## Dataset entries
----
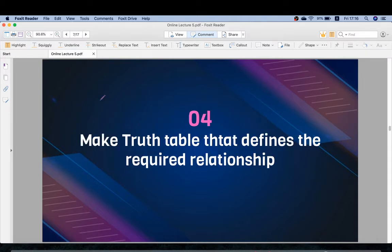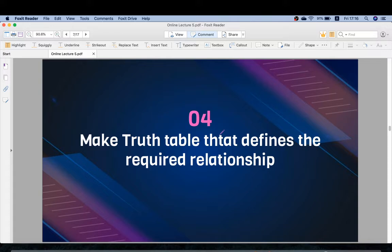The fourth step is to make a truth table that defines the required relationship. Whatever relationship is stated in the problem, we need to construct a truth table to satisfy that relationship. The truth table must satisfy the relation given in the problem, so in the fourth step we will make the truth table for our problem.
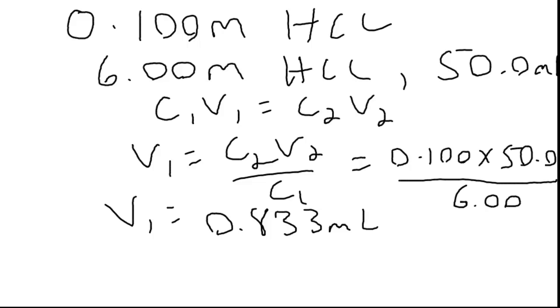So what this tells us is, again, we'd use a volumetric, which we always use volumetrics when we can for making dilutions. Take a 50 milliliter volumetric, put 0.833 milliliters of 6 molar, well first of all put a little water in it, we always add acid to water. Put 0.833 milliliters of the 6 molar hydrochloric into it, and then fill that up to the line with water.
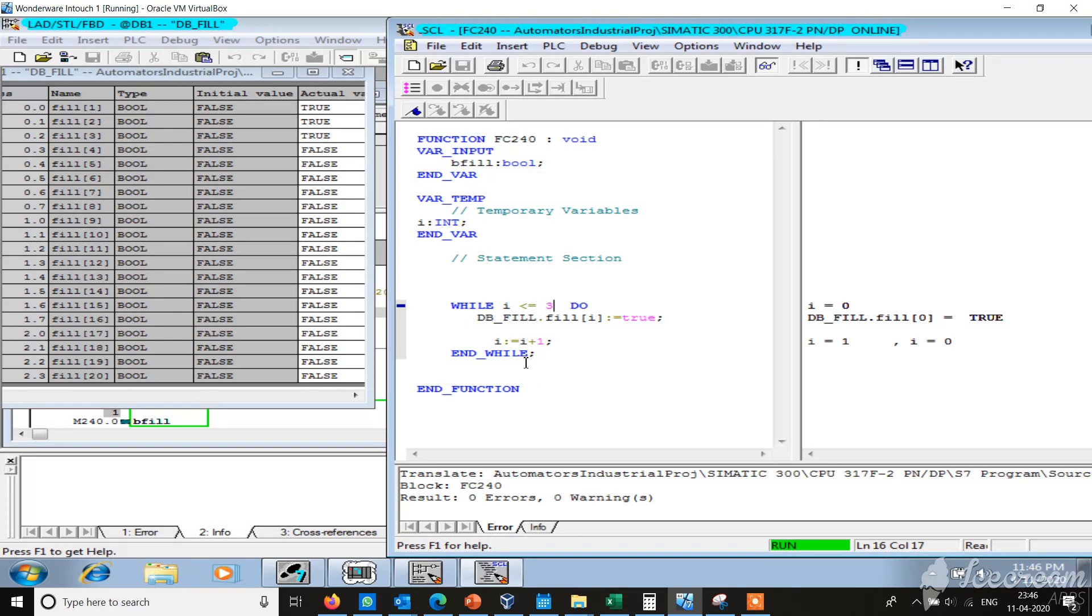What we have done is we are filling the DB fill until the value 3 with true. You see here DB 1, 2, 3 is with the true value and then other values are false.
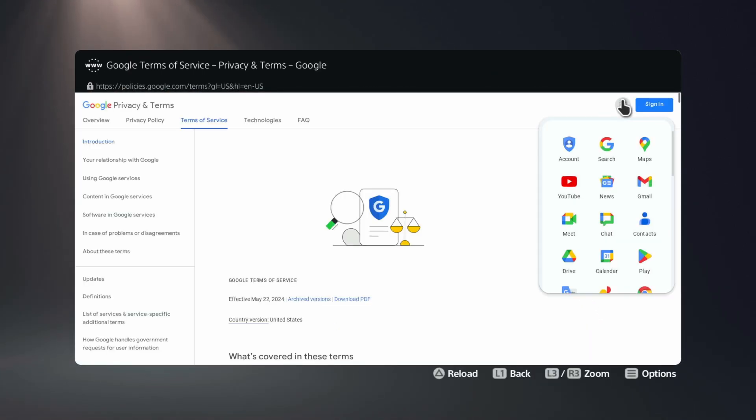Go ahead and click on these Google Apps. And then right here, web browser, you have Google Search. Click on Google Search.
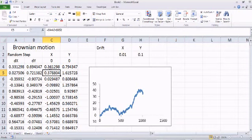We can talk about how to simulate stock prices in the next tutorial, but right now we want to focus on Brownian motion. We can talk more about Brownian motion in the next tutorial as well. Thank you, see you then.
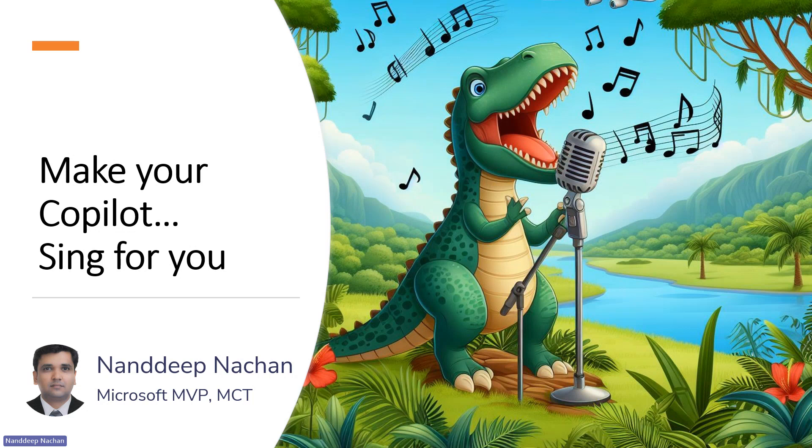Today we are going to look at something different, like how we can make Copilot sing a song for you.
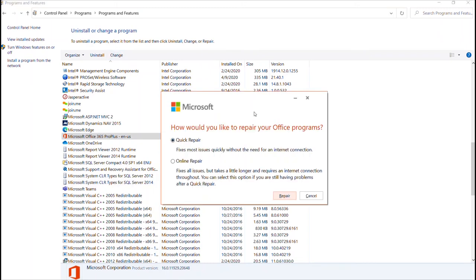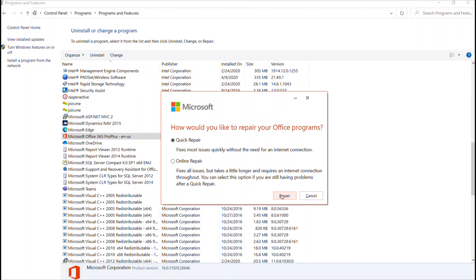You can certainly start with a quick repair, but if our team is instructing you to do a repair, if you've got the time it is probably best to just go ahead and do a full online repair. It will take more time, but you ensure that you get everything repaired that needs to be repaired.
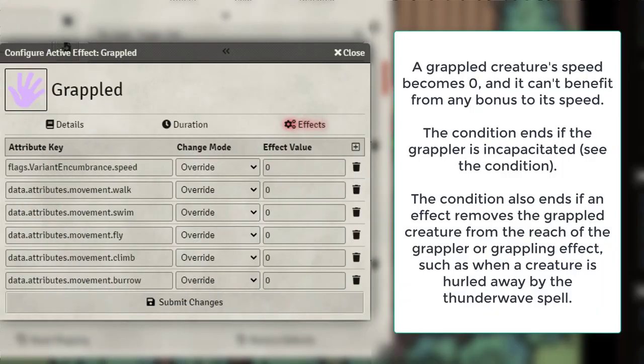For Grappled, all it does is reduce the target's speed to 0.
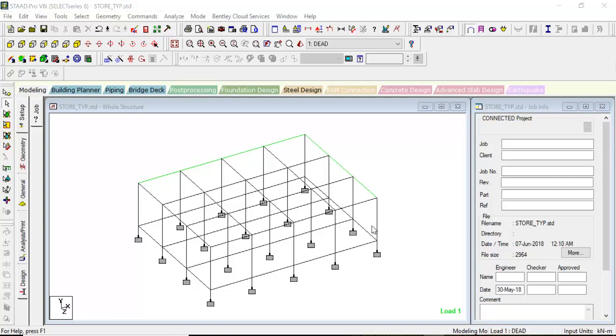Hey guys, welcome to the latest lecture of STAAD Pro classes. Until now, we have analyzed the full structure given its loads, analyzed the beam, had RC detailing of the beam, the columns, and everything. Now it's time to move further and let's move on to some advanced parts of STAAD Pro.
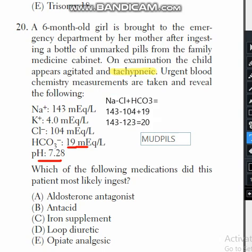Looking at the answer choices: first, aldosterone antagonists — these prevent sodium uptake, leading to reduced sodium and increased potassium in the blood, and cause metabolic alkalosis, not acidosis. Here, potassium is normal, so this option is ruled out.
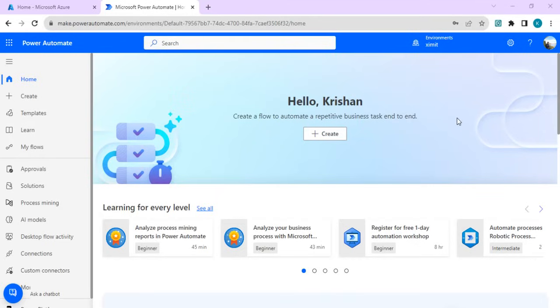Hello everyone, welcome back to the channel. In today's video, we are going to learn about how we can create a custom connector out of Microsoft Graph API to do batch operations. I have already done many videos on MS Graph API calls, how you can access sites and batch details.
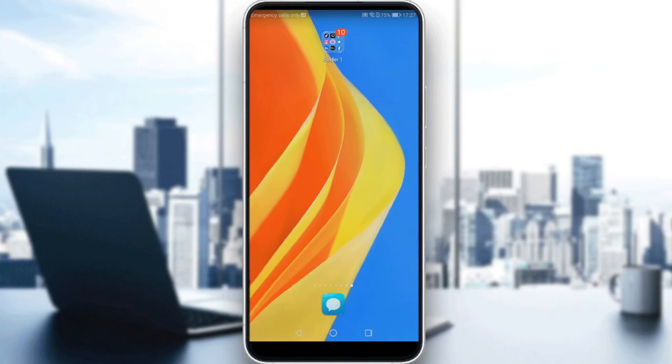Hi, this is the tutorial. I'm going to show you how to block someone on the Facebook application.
----
## BRIEF
Above, find the line holding "So what this" and the line holding "Hello everyone, welcome". Print exactly those two lines and every line between them, but no pictures.

## ANSWER FOR THIS EXERCISE
So what this tells us is, again, we'd use a volumetric, which we always use volumetrics when we can for making dilutions. Take a 50 milliliter volumetric, put 0.833 milliliters of 6 molar, well first of all put a little water in it, we always add acid to water. Put 0.833 milliliters of the 6 molar hydrochloric into it, and then fill that up to the line with water.
What we have done is we are filling the DB fill until the value 3 with true. You see here DB 1, 2, 3 is with the true value and then other values are false.
Go ahead and click on these Google Apps. And then right here, web browser, you have Google Search. Click on Google Search.
We can talk about how to simulate stock prices in the next tutorial, but right now we want to focus on Brownian motion. We can talk more about Brownian motion in the next tutorial as well. Thank you, see you then.
Today we are going to look at something different, like how we can make Copilot sing a song for you.
You can certainly start with a quick repair, but if our team is instructing you to do a repair, if you've got the time it is probably best to just go ahead and do a full online repair. It will take more time, but you ensure that you get everything repaired that needs to be repaired.
For Grappled, all it does is reduce the target's speed to 0.
Hey guys, welcome to the latest lecture of STAAD Pro classes. Until now, we have analyzed the full structure given its loads, analyzed the beam, had RC detailing of the beam, the columns, and everything. Now it's time to move further and let's move on to some advanced parts of STAAD Pro.
Looking at the answer choices: first, aldosterone antagonists — these prevent sodium uptake, leading to reduced sodium and increased potassium in the blood, and cause metabolic alkalosis, not acidosis. Here, potassium is normal, so this option is ruled out.
Hello everyone, welcome back to the channel. In today's video, we are going to learn about how we can create a custom connector out of Microsoft Graph API to do batch operations. I have already done many videos on MS Graph API calls, how you can access sites and batch details.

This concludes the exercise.